Another key part of the initiative was the family business support. We identified that the new small business service delivery agency should also operate a program that can provide support and advice for family businesses on succession planning and family business professionalisation, working closely with a key advocacy group in the sector. This is not a large resource outlay, but it does represent an appropriate response to what is a vital issue for Australia’s small businesses, so many of which, of course, are small family businesses.

Of course, all of these initiatives have come about because the coalition, unlike the Australian Labor Party, has given small business a seat at the table where it matters. The shadow cabinet appropriately recognises small business’s importance to the national economy. Unlike the minister for small business in the Rudd Labor government, who is sidelined in the outer ministry—and, we know, whom the Treasurer despises—as shadow minister for the coalition I sit at the shadow cabinet table because we believe, front and centre, that small business policy must be at the epicentre of decision making for the coalition. This six-point small business action plan is focused on supporting small business to help them manage their cash flow and keep staff on the books.

There have been some very direct criticisms of this Labor bill. Indeed, there are many examples of businesses that might have participated but are excluded from doing so. That is one of the fundamental concerns that we have with the bill before the House. I encourage the government to run through the six-point plan that I outlined and use that information and those initiatives to bolster support for small business. It is clear that the measures in the bill will not do enough for the small business sector, not only because it is already under cash-flow stress but also because a raft of problems with the legislation as it stands have been outlined.

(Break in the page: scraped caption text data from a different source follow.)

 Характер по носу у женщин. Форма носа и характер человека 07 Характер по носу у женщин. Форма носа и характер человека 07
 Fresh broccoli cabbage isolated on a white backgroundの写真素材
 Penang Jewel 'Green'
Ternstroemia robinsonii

A number of groups have come to speak with me over past months in relation to this bill and its various previous iterations. The Australian Information Industry Association, Australia’s peak technology industry body, has indicated that the exclusion of software and related services from the investment allowance effectively nullifies the potential productivity upside impact of the tax break. This is a government that says so much about productivity. This is a government that says that, wherever possible, we should be providing incentive to boost Australia’s productivity. Yet in this very bill, when the government has an opportunity to provide an extension of this allowance to incorporate expenditure on things like software—which, of course, is a productivity boost—it does not take it. Again, the Labor Party is very quick to say one thing but very different when it comes to the follow-through.

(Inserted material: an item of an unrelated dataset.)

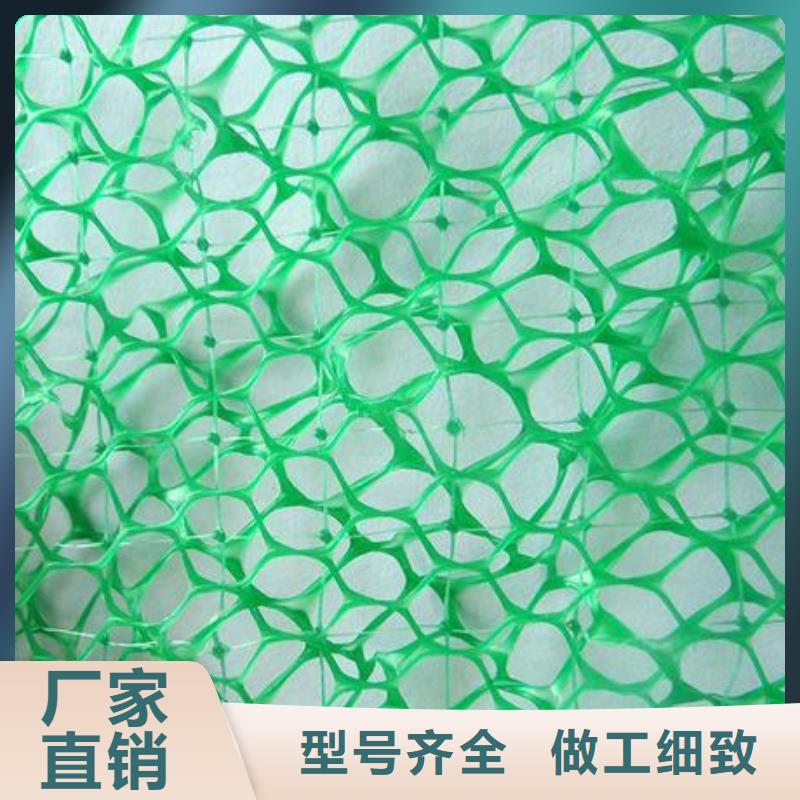 三维植被网复合土工膜厂家直营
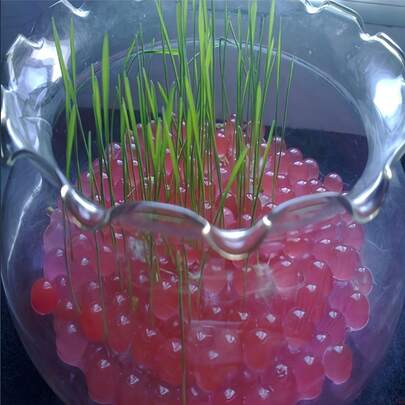 1000 pezzi perle riempitivo per vasi, per decorazioni di vasi, centrotavola galleggianti per candele, centrotavola da matrimonio, decorazioni floreali, coltivazione senza terra. Solo per uso degli adulti (colori assortiti)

The AIIA believes that the exclusion from the operation of this bill decreases the attractiveness of this allowance to business taxpayers. In addition, it also fails to act as a stimulus for the Australian ICT software sector, which is increasingly being impacted by a slowdown in business procurement. In addition, the association has indicated that computer systems, which are eligible assets, are frequently purchased with software embedded in them. The administrative burden associated with separating the cost of those tangible and intangible assets in such a purchase will involve additional red tape for small businesses intending to use the allowance. I would say to the minister: please, exercise some common sense—recognise that under your proposal those Australian small ICT software suppliers are excluded. A business that purchases equipment with a software program already installed is then somehow meant to split the cost between the eligible cost of the plant equipment—that is, the computer—but exclude the cost of the software. This is the kind of madness that we see from policy directions given by the Australian Labor Party.

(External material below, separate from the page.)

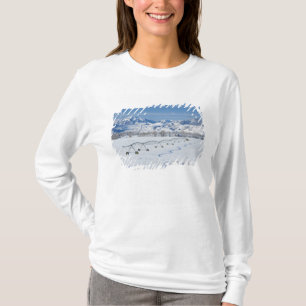 Camiseta EE. UU., MT, Granja cerca de Livingston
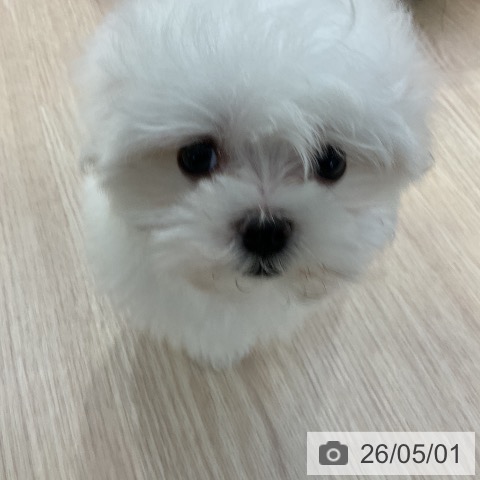 マルチーズの写真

I also know that Irrigation Australia have raised their concern with a number of members on this side, and possibly even with the government, that the bill specifically excludes water efficient irrigation equipment. Irrigation Australia has noted that such exclusion will not assist the irrigation sector to recover from the prolonged drought conditions across Australia. Notwithstanding this, the coalition accepts that this measure would be welcome by small businesses. Moreover, we know that some businesses have made capital purchases based upon this tax break and are relying upon it to help justify the cost of the investment. Again, I implore the Australian Labor Party: think about which assets are included and which are excluded, because at the moment there is a snub to the entire agricultural sector that would be looking at purchasing efficient water irrigation equipment in order to take advantage of the allowance as it currently stands.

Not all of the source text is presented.